What I'd be more interested in is the deltas between each of these statistics on a monthly basis.
""C" named languages are something of a problem. Queries for "C" tend to return results for C# and C++ as well. One way of dealing with this would be to run queries like this: C -C# -C++, however, that unfairly penalizes pages that contain discussions of both C and C++."
Of course, I'm also learning the language that's on the bottom of the list. Go Ocaml!
Nice work. It was especially interesting to was Haskell jump out of the back of the pack to #2 when moving to a more academic crowd.

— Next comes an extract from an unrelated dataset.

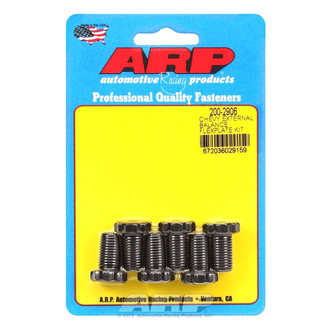 ARP® - Flexplate Bolt Kit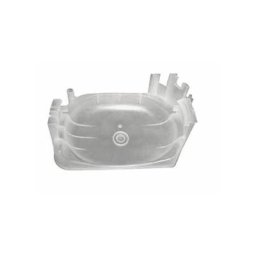 Bac recuperateur d eau pour refrigerateur Whirlpool 481941849741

I'm not sure the data has any meaning at all in the real world. In a similar vein, if you did this same exercise for presidential candidates Ron Paul is likely to look a lot better than his poll numbers show. There is a difference between what people talk about and what people do. You can only take implicit data so far. But it certainly makes for some nice graphs to add to a powerpoint deck, and I'd love to see trend information.
Yeah that sounded bad. Sorry about that. I'm just happy I've got that many nailed. I don't think I'm going to do the other two. Instead, I'm moving down to some of the more interesting ones.

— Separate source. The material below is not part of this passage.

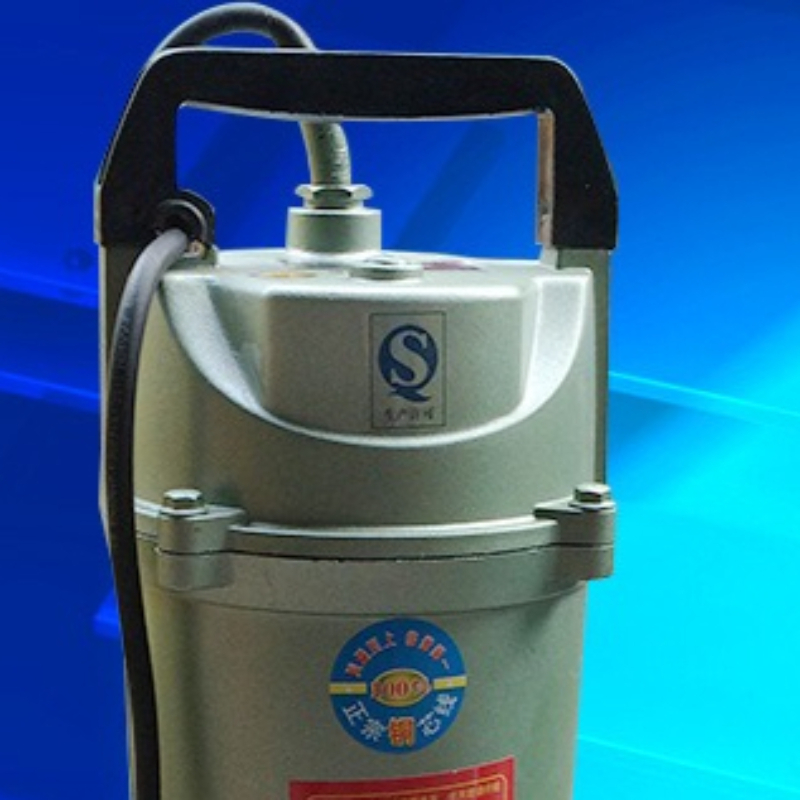 Agricultural Spray Booster Pum - огляд і ціна Farming Pump For Agriculture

Do you really think most readers have 8 languages under their belt, with real, live, production systems written in them? It would be interesting to put on an AskYC question. I don't know the answer one way or another. For some reason I kind of thought most of the readers, while super hot on the technology, were newer to the party than that.
Perhaps I was mistaken. I took your saying "I know" to mean "I have coded in each of these languages and could do something in each if I had to", instead of "I would be comfortable in a programming environment with any of these languages".
My bad.
btw I actually am trying out SICP right now, despite my C# leanings.

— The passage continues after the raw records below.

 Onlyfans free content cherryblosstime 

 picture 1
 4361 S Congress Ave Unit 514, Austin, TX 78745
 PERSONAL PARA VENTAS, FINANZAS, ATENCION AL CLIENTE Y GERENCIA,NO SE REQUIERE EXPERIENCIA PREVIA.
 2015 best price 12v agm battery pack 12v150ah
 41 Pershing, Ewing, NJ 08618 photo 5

Looks awesome! If I wasn't trying to pick up OCaml and F# right now I'd jump on it -- one of the problems I'm facing is a lack of good texts. Would be very interested in your opinion of the book and Lisp, especially coming from a C# (like me) background.
Is the list of languages in the graph the complete list of languages searched for? If so, its not very thorough. For example, Objective-C, which by these same metrics looks at least as popular as Lisp (Freshmeat has 4 times as many Obj-C projects as Lisp projects), is not included.
Very nice. Great work, and very comprehensive. And I agree (please forgive me for repeating this) but seeing trends would be great.
Have you considered other sources, say, Technorati for similar data mining? That may prove to be another way to measure how much people are talking about a language...
Yes, getting stats from people's online journals is a good idea for keeping track of people's discussions. Technorati looks like it has a good API, too, so thanks for the suggestion!
Noticeably missing were numbers for <$language sucks> and <$language rules>. Job ads definitely count as endorsements, but somehow I don't think of Lambda The Ultimate as a bastion of Java love.
On the topic of getting access to AdSense data--you can also get keyword prices from yahoo/overture, which are (I believe still) freely available once you sign up for an advertiser account. SEOs and domainers use Yahoo's keyword price data, which is generally assumed to be pretty similar to Google's.
Things like Internet search results and job listings are always going to be lagging indicators of programming language popularity. Job search results are lagging because even if most new development is being done in, say, Ruby, it'll take years for the active codebase (that needs to be maintained) to catch up to C or Java. Internet search results are similar- even if 10x more new articles are being written about Ruby, it'll take an incredibly long amount of time to catch up to the massive total that Java has accumulated over time.
What I'd be more interested in is the deltas between each of these statistics on a monthly basis.